I have been asked by someone about the sources for women's hair covering. Why do they have to cover their hair? Who has to cover her hair? When does the hair need to be covered? How much? and Where does it say so in the Torah?He then proceeds to not answer the questions.
In the Talmud, there are essentially just two [albeit separate] pericopes which discuss head and hair covering: one at Kesubos 7.6 (both Mishnah & the Tosefta) with the Talmudic commentary thereupon (in both Talmuds) and the other at Berakhos 24a (click here for these Talmudic sources).
Yesterday, I sat down with Rabbi Josh Yuter to read through some of the halakhic sources on head and hair covering for women, focusing on the Talmudic excerpts, though also reading briefly through the relevant passages on the topic in the Mishneh Torah and the Shulhan Arukh. As generally married Jewesses cover their heads/hair, it is pretty relevant for me, as I am getting married in four days to a young lady who has asked me about this particular topic.
While Josh emphasized the distinctness to me between these two pericopes which have been conflated in the halakhic literature (and I agree), I cannot entirely separate these two entirely in a descriptive fashion as they most certainly somehow be related. In other words, what it was that caused Rav Sheshes to read into the verse "your hair is like a flock of goats" (SoS 6.5 & 4.1) in order to make his hermeneutical read of "A woman's hair is a nakedness" (Berakhos 24a)? The book of Song of Songs is filled with a number of statements of the recognition of feminine beauty and yet only a few are selected to depict, in this section of Talmud, "nakednesses". I think there must have been something in the culture that not only was for a woman to contain her hair, but also a covering of it. Nevertheless, maintained Josh, was that, halakhically, these are separate discourses, which is certainly interesting.

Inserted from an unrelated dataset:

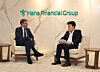 Bain Capital Co-Managing Partner John Connaughton, left, talks with Hana Financial Group Chairman and CEO Ham Young-joo at Hana Financial Group's offices in Jung District, central Seoul, on Jan. 17. [HANA BANK]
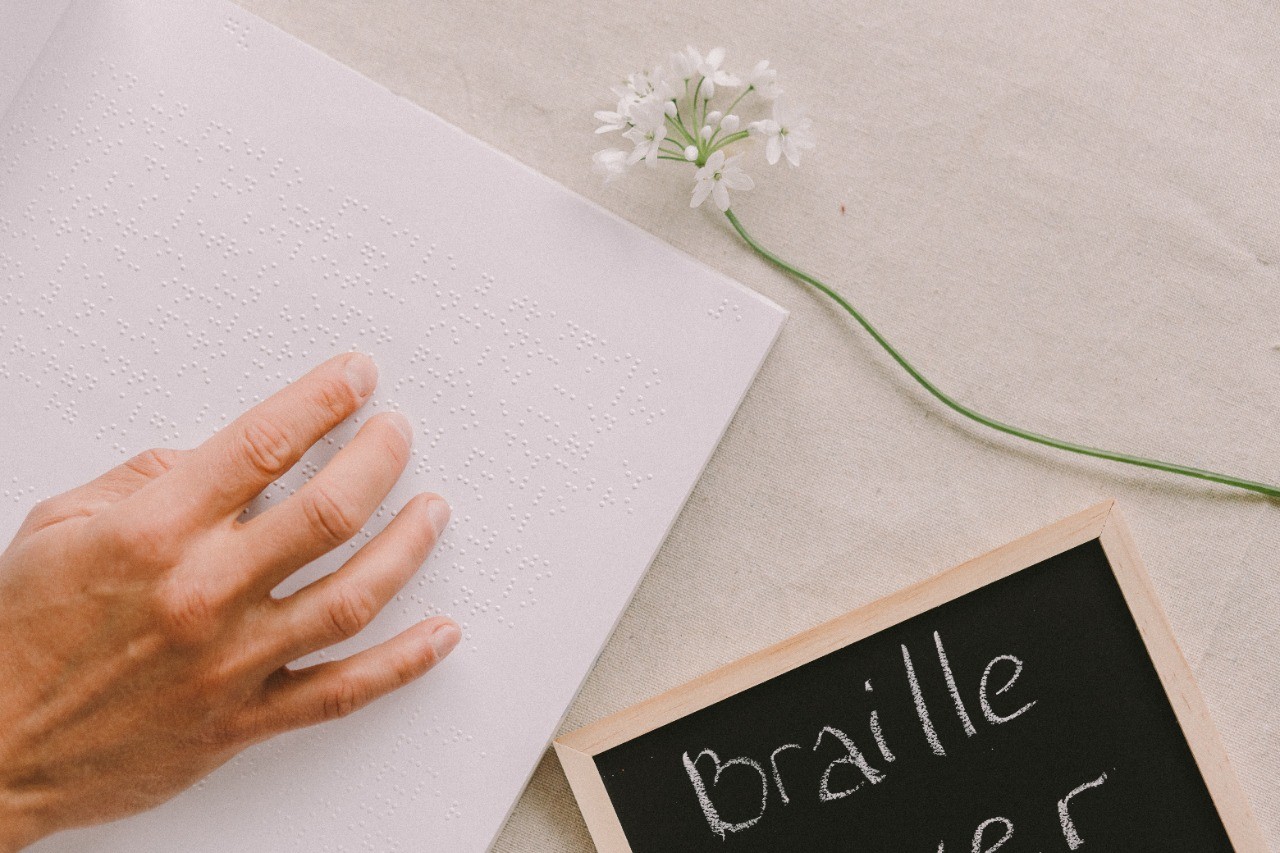 Leia mais sobre o artigo IMPRESSÃO EM BRAILLE — COMO CONQUISTAR MAIS CLIENTES E FORTALECER SUA MARCA COM EMBALAGENS INCLUSIVAS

Aside from the nakedness discussion is that of not covering it would be one of the things which goes against Jewish custom (one of four things [in the Mishhah] and one of five things [in the Tosefta]). In both Talmuds, the discussion takes on a spatial dimension as to where she must cover her head or not (and how). Thus, there is clearly a social (socio-religious(?)) element to a Jewish woman covering her hair (perhaps indicating that she is married(/taken))?
I see that JOFA has a listing of various articles and such on this topic and I hope to read through them in the future.